Consider the $2n\times 2n$ matrix $$M(n):=I_2\otimes I_n+(J_2-I_2)\otimes(J_n-I_n),$$ where $J_n$ denotes the $n\times n$ matrix whose entries are all $1$s, $I_n$ is the identity, and $\otimes$ is the Kronecker product.

For example, when $n=3$ we have $$M(3)=\left( \begin{array}{ccc|ccc} 1 & 0 & 0 & 0 & 1 & 1 \\ 0 & 1 & 0 & 1 & 0 & 1 \\ 0 & 0 & 1 & 1 & 1 & 0 \\ \hline 0 & 1 & 1 & 1 & 0 & 0 \\ 1 & 0 & 1 & 0 & 1 & 0 \\ 1 & 1 & 0 & 0 & 0 & 1 \\ \end{array} \right)\!.$$

I have found that $\det M(n)$ appears to be $0$ for all positive integer values of $n\geq2$. I have tested this conjecture for $n\leq 200$ without counterexamples.

Q. Why is $\det M(n)=0$ for $n\geq2$?

If we expand the second term in the definition of $M(n)$, we get $$M(n)=2(I_2\otimes I_n)+J_2\otimes J_n-J_2\otimes I_n-I_2\otimes J_n.$$ From here, I don't see a way to simplify the expression for $M(n)$. Of course, no formula for the determinant of the sum of two matrices exists, so we cannot hope to simplify $\det M(n)$ directly along these lines.

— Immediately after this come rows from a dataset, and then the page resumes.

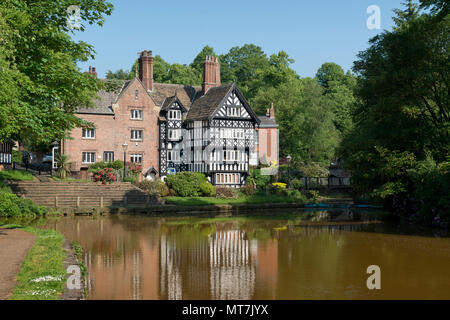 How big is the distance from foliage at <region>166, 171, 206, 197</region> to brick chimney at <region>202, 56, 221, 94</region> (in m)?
14.8

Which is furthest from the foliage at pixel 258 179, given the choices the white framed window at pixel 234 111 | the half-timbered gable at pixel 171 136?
the half-timbered gable at pixel 171 136

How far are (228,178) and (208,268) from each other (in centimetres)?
3565

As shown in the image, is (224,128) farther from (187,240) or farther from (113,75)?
(113,75)

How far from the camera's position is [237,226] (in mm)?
31656

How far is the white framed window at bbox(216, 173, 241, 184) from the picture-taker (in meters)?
52.3

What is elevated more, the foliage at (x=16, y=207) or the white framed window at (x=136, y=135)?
the white framed window at (x=136, y=135)

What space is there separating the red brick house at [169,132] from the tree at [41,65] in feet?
89.0

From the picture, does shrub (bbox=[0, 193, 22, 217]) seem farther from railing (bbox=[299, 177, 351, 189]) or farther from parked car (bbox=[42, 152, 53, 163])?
railing (bbox=[299, 177, 351, 189])

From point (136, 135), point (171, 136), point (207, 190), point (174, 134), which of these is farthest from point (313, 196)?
point (136, 135)

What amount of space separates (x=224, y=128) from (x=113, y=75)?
219ft

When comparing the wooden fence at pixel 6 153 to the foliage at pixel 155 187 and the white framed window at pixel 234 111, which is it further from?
the white framed window at pixel 234 111

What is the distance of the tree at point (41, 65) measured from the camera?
64.0ft

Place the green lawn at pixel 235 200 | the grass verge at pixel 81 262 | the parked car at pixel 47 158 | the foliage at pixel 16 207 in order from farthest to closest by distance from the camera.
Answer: the parked car at pixel 47 158 < the green lawn at pixel 235 200 < the foliage at pixel 16 207 < the grass verge at pixel 81 262

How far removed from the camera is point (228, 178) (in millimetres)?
52875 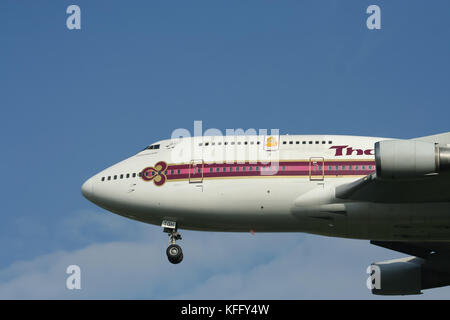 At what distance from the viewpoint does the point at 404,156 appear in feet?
113

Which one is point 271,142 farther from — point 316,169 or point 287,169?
point 316,169

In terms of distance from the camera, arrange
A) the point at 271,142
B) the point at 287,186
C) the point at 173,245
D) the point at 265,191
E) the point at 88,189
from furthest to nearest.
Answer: the point at 88,189 → the point at 173,245 → the point at 271,142 → the point at 265,191 → the point at 287,186

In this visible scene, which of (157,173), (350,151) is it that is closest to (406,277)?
(350,151)

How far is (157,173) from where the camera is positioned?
1636 inches

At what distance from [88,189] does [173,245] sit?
5.23 metres

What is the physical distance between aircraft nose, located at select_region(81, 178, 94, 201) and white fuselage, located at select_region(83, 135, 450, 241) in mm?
479

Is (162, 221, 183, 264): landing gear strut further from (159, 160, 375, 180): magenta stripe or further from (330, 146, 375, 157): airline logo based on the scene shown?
(330, 146, 375, 157): airline logo

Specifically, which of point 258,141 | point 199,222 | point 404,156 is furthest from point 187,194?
point 404,156

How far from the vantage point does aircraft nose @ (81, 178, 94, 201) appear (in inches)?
1686

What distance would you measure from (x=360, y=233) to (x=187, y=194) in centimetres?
806

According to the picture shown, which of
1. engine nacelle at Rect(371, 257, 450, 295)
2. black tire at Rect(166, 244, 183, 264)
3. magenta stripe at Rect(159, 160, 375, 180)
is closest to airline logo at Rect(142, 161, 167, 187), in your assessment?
magenta stripe at Rect(159, 160, 375, 180)

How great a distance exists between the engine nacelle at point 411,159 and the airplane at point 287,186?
4 cm

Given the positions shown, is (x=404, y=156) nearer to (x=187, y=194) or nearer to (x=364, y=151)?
(x=364, y=151)

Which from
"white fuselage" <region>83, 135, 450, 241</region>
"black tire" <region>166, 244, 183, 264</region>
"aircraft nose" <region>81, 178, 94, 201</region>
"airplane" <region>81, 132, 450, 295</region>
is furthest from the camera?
"aircraft nose" <region>81, 178, 94, 201</region> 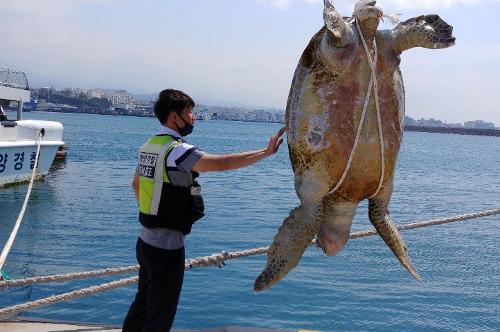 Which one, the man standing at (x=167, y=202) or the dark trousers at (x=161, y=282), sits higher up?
the man standing at (x=167, y=202)

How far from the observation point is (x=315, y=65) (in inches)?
105

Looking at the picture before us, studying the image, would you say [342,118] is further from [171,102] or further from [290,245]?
[171,102]

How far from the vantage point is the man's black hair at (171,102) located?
360cm

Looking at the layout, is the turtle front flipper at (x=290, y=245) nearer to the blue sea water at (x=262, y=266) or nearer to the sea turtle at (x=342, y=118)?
the sea turtle at (x=342, y=118)

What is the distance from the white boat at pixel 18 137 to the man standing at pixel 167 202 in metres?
17.0

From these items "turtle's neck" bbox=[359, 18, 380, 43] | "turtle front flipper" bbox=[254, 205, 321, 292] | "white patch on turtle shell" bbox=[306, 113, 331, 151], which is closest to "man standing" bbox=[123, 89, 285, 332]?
"turtle front flipper" bbox=[254, 205, 321, 292]

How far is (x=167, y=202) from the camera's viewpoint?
3.54 meters

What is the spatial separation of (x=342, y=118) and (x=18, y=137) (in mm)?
19273

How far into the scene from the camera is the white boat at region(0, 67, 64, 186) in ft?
64.7

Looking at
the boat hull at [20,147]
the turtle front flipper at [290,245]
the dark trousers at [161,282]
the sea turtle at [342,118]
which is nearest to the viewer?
the sea turtle at [342,118]

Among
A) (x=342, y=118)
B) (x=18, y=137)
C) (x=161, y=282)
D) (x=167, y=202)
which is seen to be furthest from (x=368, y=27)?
(x=18, y=137)

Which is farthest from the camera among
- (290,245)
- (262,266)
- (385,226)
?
(262,266)

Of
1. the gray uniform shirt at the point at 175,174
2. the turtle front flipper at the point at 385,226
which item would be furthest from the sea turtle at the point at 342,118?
the gray uniform shirt at the point at 175,174

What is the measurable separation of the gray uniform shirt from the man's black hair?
0.38ft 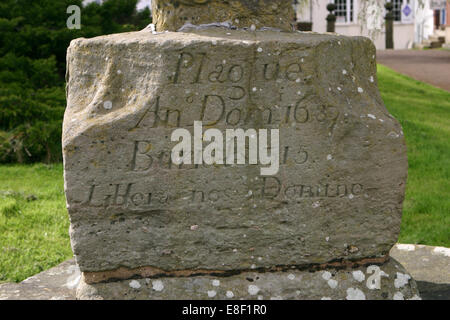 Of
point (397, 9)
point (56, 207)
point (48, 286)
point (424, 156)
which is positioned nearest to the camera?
point (48, 286)

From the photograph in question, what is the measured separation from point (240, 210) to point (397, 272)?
3.03ft

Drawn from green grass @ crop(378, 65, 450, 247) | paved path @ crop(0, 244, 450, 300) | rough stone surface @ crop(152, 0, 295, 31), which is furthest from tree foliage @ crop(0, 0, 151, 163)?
rough stone surface @ crop(152, 0, 295, 31)

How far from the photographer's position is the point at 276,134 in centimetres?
312

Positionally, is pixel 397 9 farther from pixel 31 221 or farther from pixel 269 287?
pixel 269 287

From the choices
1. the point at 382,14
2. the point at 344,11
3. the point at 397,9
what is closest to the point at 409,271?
the point at 382,14

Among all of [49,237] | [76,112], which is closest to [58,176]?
[49,237]

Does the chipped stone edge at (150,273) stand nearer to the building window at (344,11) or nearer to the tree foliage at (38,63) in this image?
the tree foliage at (38,63)

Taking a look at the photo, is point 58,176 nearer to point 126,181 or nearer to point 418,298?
point 126,181

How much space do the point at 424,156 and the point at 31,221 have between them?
4.38 m

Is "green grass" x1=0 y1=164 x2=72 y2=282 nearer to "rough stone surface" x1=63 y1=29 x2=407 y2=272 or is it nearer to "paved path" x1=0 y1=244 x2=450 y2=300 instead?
"paved path" x1=0 y1=244 x2=450 y2=300

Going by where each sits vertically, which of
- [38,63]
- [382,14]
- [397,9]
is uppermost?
[397,9]

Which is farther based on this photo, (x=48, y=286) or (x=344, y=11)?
(x=344, y=11)

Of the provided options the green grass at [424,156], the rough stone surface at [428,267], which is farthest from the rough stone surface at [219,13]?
the green grass at [424,156]

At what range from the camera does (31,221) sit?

We can also observe that $I_2\otimes I_n=I_{2n}$, but really that does not help at all.

What might be a way forward? Thanks in advance!

Answer 1

Add Row1 to Row4 and Row2 to Row5.

These are elementary row operations that don't change the determinant, but now Row4 and Row5 are equal, so the determinant is zero.

Answer 2

$M(n)$ is a real symmetric matrix (hence diagonalizable) that is similar to $diag(0_{n-1},2I_{n-1},-n+2,n)$

EDIT. Answer to the OP. Indeed, $spectrum(J_k-I_k)=\{(k-1)\times -1,k-1\}$; on the other hand, if $spectrum(U)=(\lambda_i)_{i\leq p},spectrum(V)=(\mu_j)_{j\leq q}$, then, $spectrum(U\otimes V)=(\lambda_i\mu_j)_{i\leq p,j\leq q}$.

Answer 3

Let $n\ge2$, $e=(1,1)^T$ and $0\ne v\in\ker(J_n)$. Then $M(n)$ is singular, because $$ M(n)(e\otimes v) =e\otimes v+\left[(J_2-I_2)e\right]\otimes\left[(J_n-I_n)v\right] =e\otimes v+e\otimes-v=0. $$